Rafał Grupiński: sześciodniowy tydzień pracy to przekłamanie
Nie chcemy, by Polacy pracowali sześć dni w tygodniu - zapewnia szef klubu PO. W ten sposób odniósł się do projektu zmian w Kodeksie Pracy, autorstwa jego partii.
2014-10-13, 12:00
Posłuchaj
Zmiany w przepisach miałyby umożliwić wypłacenie dodatkowego wynagrodzenia pracownikom, którzy pracowali w sobotę lub inny dzień wolny od pracy. Związkowcy krytykują ten pomysł, ponieważ ich zdaniem może to być furtką do przywrócenia w Polsce sześciodniowego tygodnia pracy. Obecnie za pracę w sobotę pracownikowi przysługuje dzień wolny. Projekt PO zakłada wypłatę ekwiwalentu pieniężnego, jeśli pracodawca nie ma możliwości udzielenia dnia wolnego.
Rafał Grupiński mówił w radiowej Jedynce, że interpretacja mówiąca o sześciodniowym tygodniu pracy to przekłamanie. - To jest przykład jakiejś bzdury, która się pojawiła - stwierdził. Jak tłumaczył, obecnie ekwiwalent pieniężny za pracę w wolny dzień obowiązuje tylko za pracę w niedzielę, a projekt PO rozszerza tę zasadę także na sobotę. Dodał, że chodzi tylko o sytuacje, gdy nie ma możliwości oddania pracownikowi dnia wolnego.
Według Eurostatu przynajmniej połowa Polaków pracuje co najmniej jedną sobotę w miesiącu.

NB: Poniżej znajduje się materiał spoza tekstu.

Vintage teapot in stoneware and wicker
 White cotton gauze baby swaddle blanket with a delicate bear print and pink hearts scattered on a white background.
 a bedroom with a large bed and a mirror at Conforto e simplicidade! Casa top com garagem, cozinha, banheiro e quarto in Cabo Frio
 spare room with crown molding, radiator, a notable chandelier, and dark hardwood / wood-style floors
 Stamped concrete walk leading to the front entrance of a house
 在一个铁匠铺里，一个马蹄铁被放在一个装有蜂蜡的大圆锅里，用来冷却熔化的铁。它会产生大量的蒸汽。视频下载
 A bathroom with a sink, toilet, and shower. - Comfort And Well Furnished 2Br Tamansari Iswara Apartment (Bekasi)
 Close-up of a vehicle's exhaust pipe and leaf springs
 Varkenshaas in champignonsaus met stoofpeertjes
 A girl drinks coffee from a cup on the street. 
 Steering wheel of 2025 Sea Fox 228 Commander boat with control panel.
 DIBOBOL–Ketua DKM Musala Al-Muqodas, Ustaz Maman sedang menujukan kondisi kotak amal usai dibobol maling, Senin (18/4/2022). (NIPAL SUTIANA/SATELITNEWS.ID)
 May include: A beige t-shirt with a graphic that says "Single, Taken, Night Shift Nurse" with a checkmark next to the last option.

Sześciodniowy tydzień pracy obowiązywał w Polsce do 1973 roku. Wtedy na mocy dekretu Rady Państwa PRL o dodatkowych dniach wolnych od pracy rządowi nadano uprawnienia do wyznaczenia dni wolnych w poszczególnych latach. W wielu rozwiniętych krajach obowiązywał już wtedy pięciodniowy tydzień pracy. W 1973 r. Polacy mieli w sumie dwie wolne soboty, rok później sześć, a poczynając od 1975 r. było 12 wolnych weekendów.